Açıklanan adaylar arasında üç isim çokça eleştirildi. Etnik kökenleri ya da milliyetçi eğilimleri nedeniyle yeniden seçim kazanma şansları olduğuna inanıldığı için olsa gerek, Bolu’da Tanju Özcan, Hatay’da Lütfü Savaş, Antalya’da Muhittin Böcek yeniden aday olarak belirlendi. Muhittin Böcek’in 60. Yılında Antalya Altın Portakal Film Festivali’nin iptaline giden süreçte sansüre karşı dik bir duruş sağlayamaması, tüm suçu festival yönetmenine yükleyerek aradan sıyrılmaya çalışması, yapımcısı, yönetmeni, oyuncusu, sinema yazarı ile tüm sinema sektörünün tepkisini çekmiş, İstanbul’dan ve Antalya’dan heyetler Genel Merkeze giderek Böcek’i başkan olarak görmek istemediklerini belirtmişlerdi. CHP MYK ve Parti Meclisi’nin tüm itirazlara kulaklarını tıkayarak Böcek’i aday ilan etmesi, bu ülkede sanatın adının olmadığının en güzel kanıtı sanki. Bu durum, Antalya’da seçim sonucunu riske atacak mı, hep birlikte göreceğiz. Türkiye’nin en önemli film festivalinin kaderi CHP Genel Merkezi’ni ilgilendirmiyor mu acaba?

NE YAPMALI?

Önümüzdeki seçimde CHP’nin ağırlıkta olduğu kentlerde, Muğla’da (geçen dönem Bodrum’da belediye başkanlığı yapan Ahmet Aras), Çanakkale’de (Muharrem Erkek), Tekirdağ’da (Candan Yüceer), Eskişehir’de (Ayşe Ünlüce) ya da iddialı olduğu Balıkesir (Ahmet Akın), Bursa (Mustafa Bozbey) gibi kentlerde yönetime aday olan isimler başkan olduklarında kültür-sanat alanında neler yapacaklarını düşünmeye başlamalılar bana kalırsa.
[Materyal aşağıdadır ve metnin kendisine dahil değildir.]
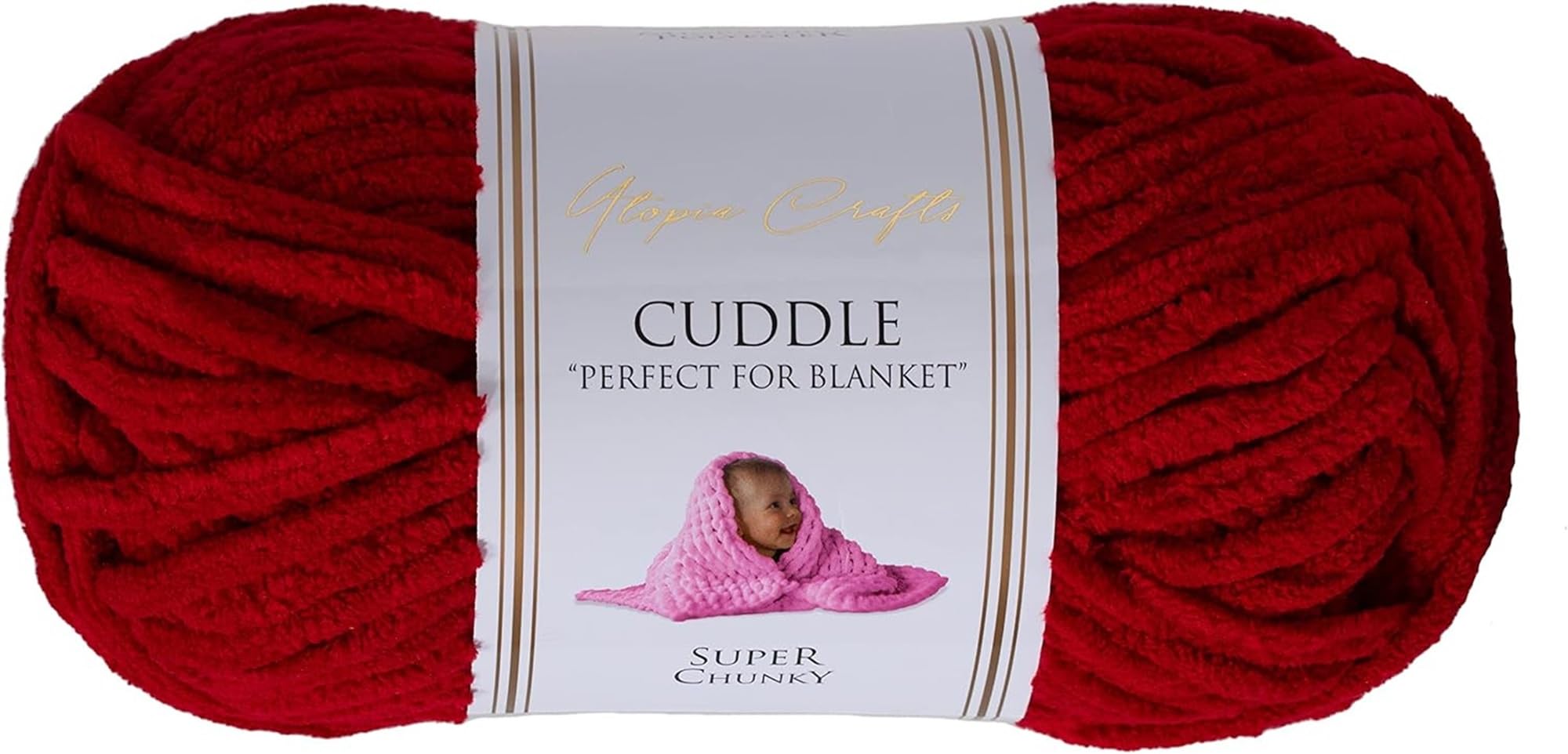 Utopia Crafts Cuddle Super Chunky Chenille Soft Yarn 100g (Wine)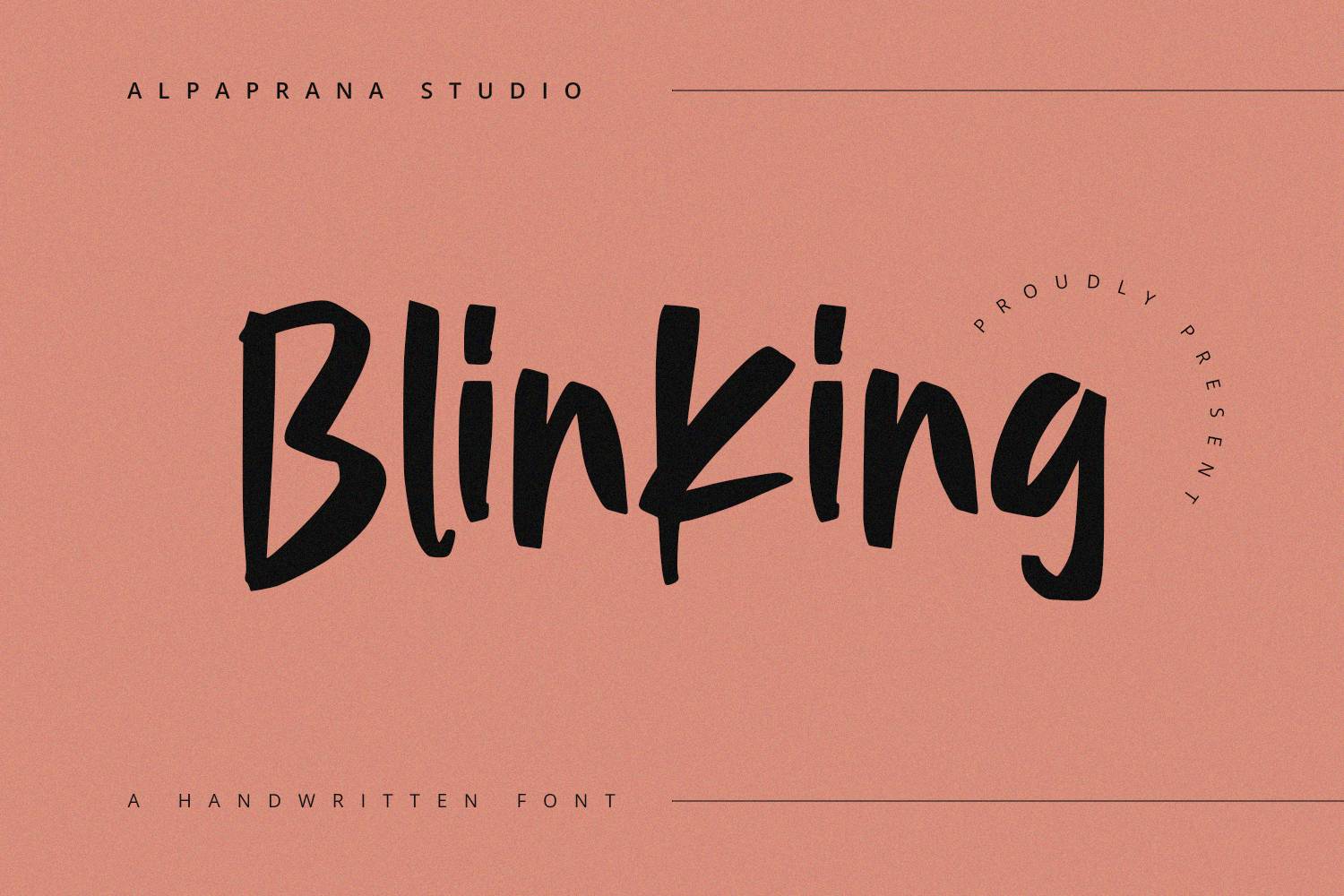 Blinking Font sample
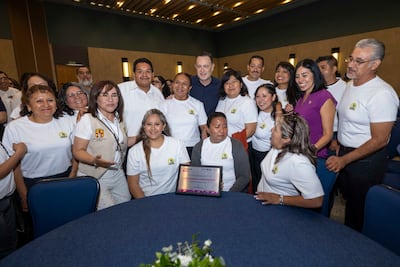 El gobernador de Querétaro, Mauricio Kuri se reúne con organizaciones sindicales para conmemorar el Día del Trabajo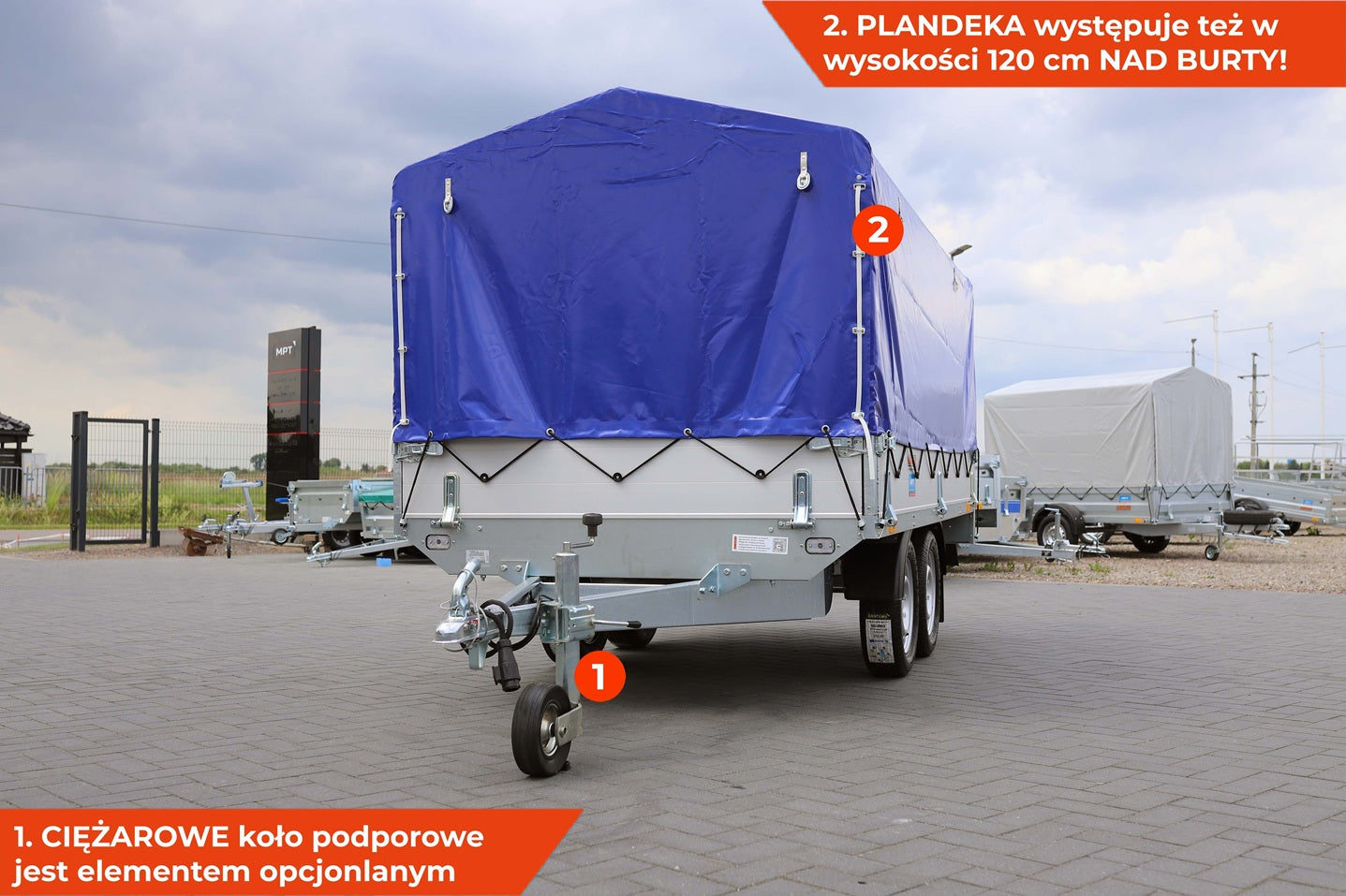Przyczepka NEPTUN Nordica Elite N7-302 2 kps GN293 z plandeką 80 cm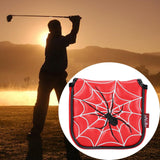 Maxbell Universal Golf Mallet Putter Cover Square Headcover Magnetic Closure Guard Spider Red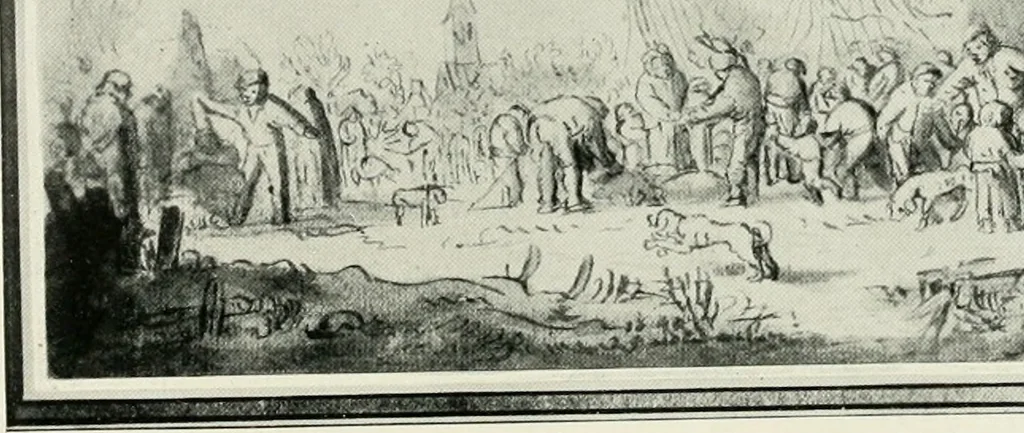 An illustration from The art of the great masters, as exemplified by drawings in the collection of Émile Wauters, membre de l'Académie royale de Belgique, 1913, leaf 267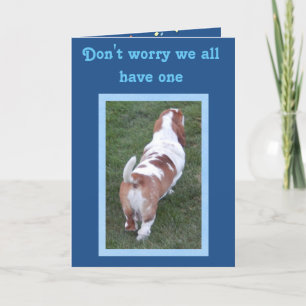 Carte d'anniversaire drôle & mignonne Basset Hound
Kampanyalarında bu konuya ağırlık vermeyebilirler (halkımızın çoğunluğunun böyle bir talebi olmayabilir, biliyoruz bunu) ama bu onları kültür-sanatı gündemlerinin son sırasına itmeye yöneltmemeli. Çankaya, Kadıköy, Konak, Karşıyaka gibi ilçelerde seçilecek isimlere çok daha büyük görevler düşüyor. Çünkü bu ilçelerimiz kültür-sanat alanlarında önemli bir potansiyele sahip. Bu potansiyeli değerlendirebilecek beceriye sahip başkan adayı bulunamazsa, doğru ekipler, doğru işbirlikleri ile bu eksik giderilebilir.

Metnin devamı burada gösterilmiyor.